Una lunga cornice montuosa fascia da O. (Hsing-an), da N. (Hsiao Hsing-an) e da E. (Chang-paik) la vasta pianura in cui scorrono lo Zungari (2400 km. di lunghezza) e il Liao (1160 km.), che con i loro affluenti formano un'ottima rete di vie di comunicazione interne. Il clima è continentale freddo, con piogge abbondanti e notevoli differenze tra N. e S. Oltre alla vocazione agricola, che consegue all'abbondanza ed alla fertilità dei suoi terreni alluvionali, la M. mette in evidenza cospicue possibilità industriali, per la presenza di numerose riserve minerarie, ancora del resto non ben conosciute (carbone, ferro, rame, piombo, manganese, scisti bituminosi, ecc.) e per le non meno notevoli risorse forestali (30% della superficie territoriale); delle une e delle altre lo sfruttamento è, si può dire, agli inizi. L'agricoltura dà soprattutto soia, frumento, riso e barbabietola da zucchero; l'allevamento (5,4 milioni di capi suini, 2 di ovini, 1,7 di bovini) è ancora lontano dalle sue possibilità. La grande industria, sebbene di introduzione recente, conta già cospicue affermazioni nel campo siderurgico e chimico (Ansham e Penhishin), idroelettrico e tessile. Il commercio si giova dei due porti di Antung (il maggiore) e di Dairen (antico Port Artur).

La popolazione (36,9 milioni di ab. nel 1946) è costituita in grande prevalenza da Cinesi; i veri e propri Mancei non ne costituiscono probabilmente più di 1/8, e di scarsa entità numerica sono le altre minoranze (Coreani, Giapponesi, Russi). La densità è già alta nella M. meridionale, dove il clima è più mite e più intensa l'attività economica, e specialmente nel bacino inferiore del Liao. I grossi centri abitati sono numerosi: uno (Shenyang, già Mukden) oltrepassa il milione di ab. (1,1 nel 1946); due i 500 mila (la capitale Changchun, antica Hsinking con 790 mila, e Pinkiang, antica Harbin, con 662 mila), Kao-liang (una specie di borgo) e una decina i 100 mila (tra cui Chifeng con 430, Fushun e Dairen con oltre 300 ognuno).

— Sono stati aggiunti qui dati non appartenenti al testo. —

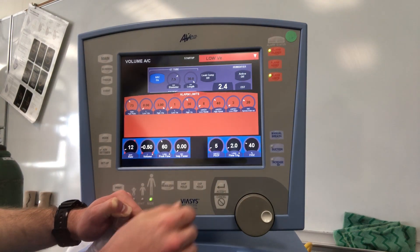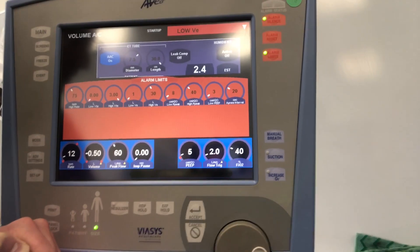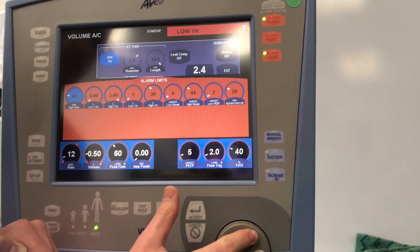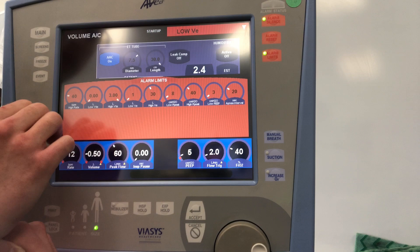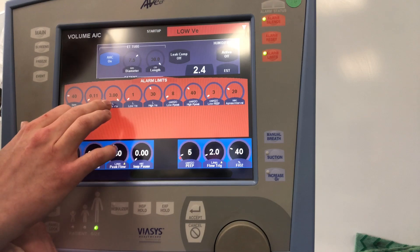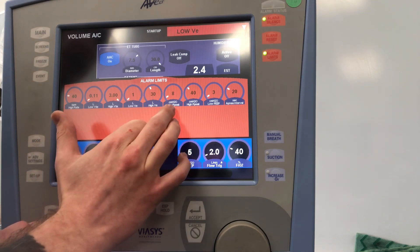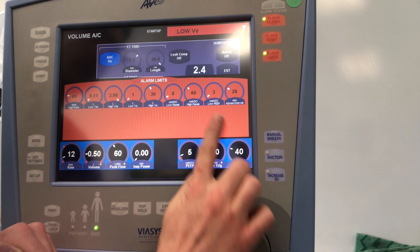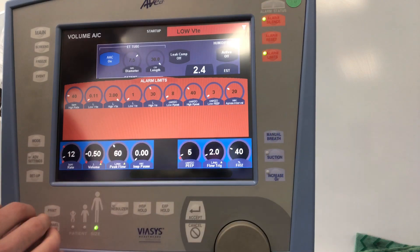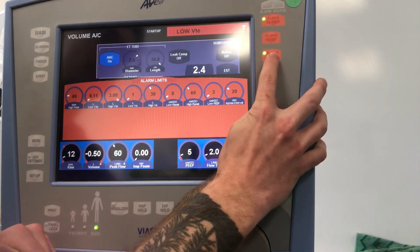We can go to alarm limits to set our alarm criteria. On the top left we have high rate — 40 is usually a good starting number. We also have low tidal volume, high tidal volume, low minute ventilation, high minute ventilation, low peak pressure, high peak pressure, low PEEP, and finally the apnea interval. If the patient has been apneic in whatever mode you're in, that's your apnea time — currently set at 20 seconds.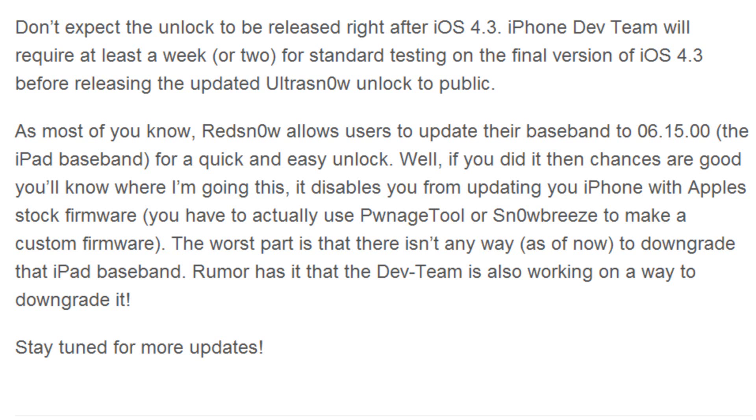As most of us know, Pwnage Tool and Snow Breeze aren't usually updated to work with the latest firmware for quite some time. For instance, Snow Breeze was just recently updated to support 4.2.1, so that would get extremely annoying in the future. The worst part is that as of now there's no way to downgrade that iPad baseband — however, rumor has it that the iPhone dev team is also working on a way to downgrade it.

La M., Repubblica indipendente nel 1931, fu dai Giapponesi, che di fatto la controllavano, costituita in impero (Man-chu-Kwo) nel 1934; dopo il 1945 è stata restituita alla Cina e divisa in 9 provincie (Antung, Heilung-Kiang, Ho-Kiang, Hsing-an, Kirin, Liao-ning, Liao-pehi, Nung-Kiang e Sung-Kiang; ne è escluso lo Jehol). La ferrovia cinese orientale (Manchuli-Harbin-Suifenho-Pograničnaja) e la sud-mancese (Changchow-Mukden-Dairen) funzionano sotto controllo misto cino-sovietico.

BIBL.: L. Gilbert, Dictionnaire historique et géographique de la Mandchourie, Hong Kong 1934; Il Manchoukiou: geografia, storia, economia, Milano 1940.

II. EVANGELIZZAZIONE

Nel 1838 Gregorio XVI distaccò dalla diocesi di Pechino il vicariato apostolico di Leatung con giurisdizione sulla M. e Mongolia, affidandolo al Seminario delle Missioni Estere di Parigi. Nel 1840 la Mongolia fu eretta in vicariato apostolico indipendente, affidato ai Lazzaristi. Nella M. vivevano ca. 2500 cristiani cinesi esiliati, o profughi scampati alle persecuzioni verso la fine del sec. XVIII e il principio del sec. XIX. Non avevano missionari stabili, ma venivano visitati da sacerdoti mandati dal vescovo di Pechino, dal 1702 delegato apostolico per la Tartaria cinese. Il primo vicario apostolico, Emmanuel Verrolles (1838-78), eresse parecchie stazioni. Le difficoltà erano grandi: i diversità etniche della popolazione, estensione del territorio, rigore del clima, ostilità dei pagani. I missionari riuscirono però sotto mons. Verrolles e i suoi successori ad organizzare le cristianità esistenti ed a fondarne delle nuove. Nel 1875 arrivarono nella missione le prime suore della Provvidenza di Portieux. Un vero progresso nelle conversioni si ebbe però soltanto dopo il 1890.